Western Gray Squirrel

The western gray squirrel is a “Game Mammal”. A hunting license is required to hunt western gray squirrels. Western gray squirrels can only be hunted during the seasons listed below. Exception: No bag limit or closed season in that part of Unit 30 south of Rogue Rvr and S Fork Rogue Rvr and north of Hwy 140.

North - Central Oregon

Open Season: Sept. 15 - Oct. 31

Bag Limit: 3 squirrels daily.

Possession Limit: 6 in possession.

Open Area: Units 34, 35, 39, 41 and 42.

Remainder of the State

Open Season: Sept. 1 - Nov. 15

Bag Limit: 5 squirrels daily.

Possession Limit: 15 in possession.

Open Area: Units 10-33, 36-38, 40, 43-77.

See Big Game Regulations for entire WMU boundary descriptions.
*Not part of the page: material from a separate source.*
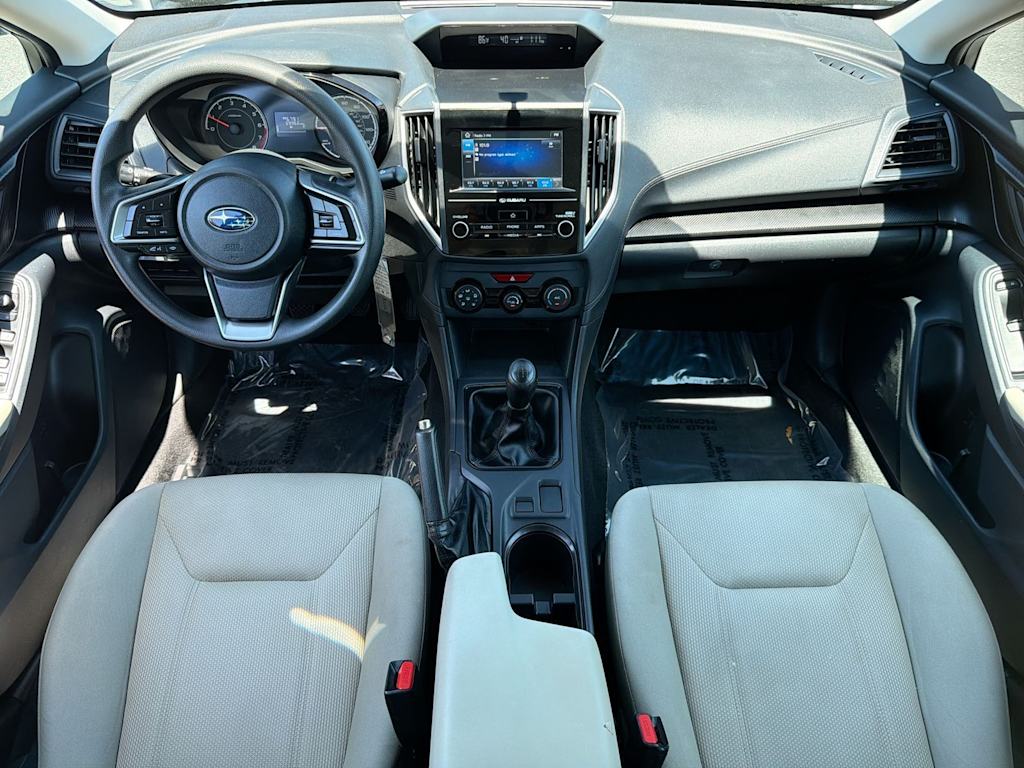 Thumbnail: 2018 Subaru Impreza - 8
Small game species provide a variety of hunting opportunities throughout the state and are an excellent way to introduce new hunters to hunting. Only the appropriate hunting license is necessary to hunt small game (no tags or permits). The western gray squirrel is a game mammal with specific season dates described on Falconry Regulations. Many species of what hunters consider “small game” are “unprotected mammals”.

Unprotected Mammals

Unprotected mammals are not covered under the game mammal, furbearer, or sensitive species rules. For unprotected mammals, there are no closed seasons or bag limits. However, a hunting license is required and all general hunting regulations still apply. Commonly hunted unprotected mammals include coyote, cottontail rabbits, black-tailed jackrabbit, opossum, nutria, California ground squirrel, and Belding’s ground squirrels.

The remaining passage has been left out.